The task in front of both companies is monumental. AT&T
must rebuild a large portion of TCI's cable infrastructure, spending upward of $12
billion to upgrade the network to at least 750-megahertz two-way capabilities.

The company also has to forge telephony-interconnection
deals with other cable companies -- like its recent deal with Time Warner Inc. -- to
ensure that it can offer local telephone service to a large enough segment of the
population.

And then there's marketing the new services, deploying
the new services and integrating the corporate infrastructure, to name a few other
daunting tasks.

And although the question may be which task the new
AT&T should tackle first, most analysts had a simple answer: everything.

"I think that they've got to do things in
parallel," said David Yedwab, vice president of Eastern Management Group, a
Parsippany, N.J.-based telecommunications-research company. "They can't start
providing local telephony until the systems are upgraded, and to increase the potential
coverage area, they've got to do deals with other cable companies."

But that isn't as easy as it seems, given that the
Time Warner Cable agreement -- largely thought to be the blueprint for other deals with
cable providers -- received a lukewarm reception from many MSOs.

So far, AT&T has signed on several TCI affiliates to
telephony agreements, but the largest MSOs have yet to join the fold -- most notably
MediaOne Group Inc., Comcast Corp. and Cox Communications Inc., which are reportedly in
negotiations with AT&T.

Brian Adamik, an analyst for Boston-based The Yankee Group,
said integration is going to be the key for the success of the merger.

He added that the first step -- shuffling the top
management -- has already been done.

Earlier this month, AT&T rearranged its management
structure, most notably making Leo J. Hindery Jr., currently president and chief operating
officer of TCI, report directly to AT&T chairman C. Michael Armstrong. In the previous
structure, Hindery was to report to AT&T president John Zeglis.

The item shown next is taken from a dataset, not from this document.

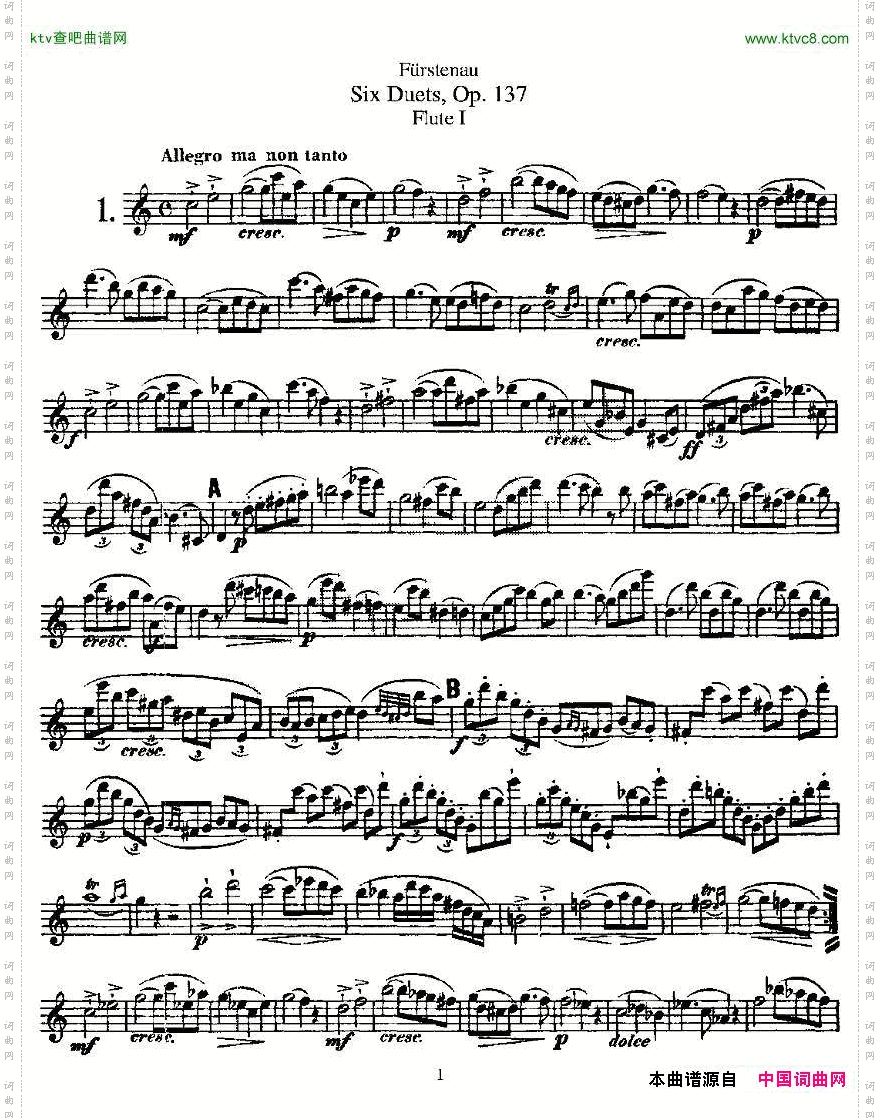 SixDuets,Op.137之一二重奏六首作品137号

"I think that was appropriate," Adamik said.
"The challenge that all of these major mergers face is getting all of the employees
on the same page."

He added that what should motivate AT&T even more is
the fact that this deal is essential to its competitive survival.

Adamik added that since the Baby Bells will be in the
long-distance business -- AT&T's core business -- soon anyway, the alternative is
to lease the Bells' networks for local service, which is something that AT&T
simply cannot do.

But one thing that Adamik wasn't so sure about is how
cable-television services will fit into the AT&T mix.

"I still don't know how interested AT&T is in
the video business," he said. "At the end of the day, do they want to be in the
video business, or the high-speed Internet business?"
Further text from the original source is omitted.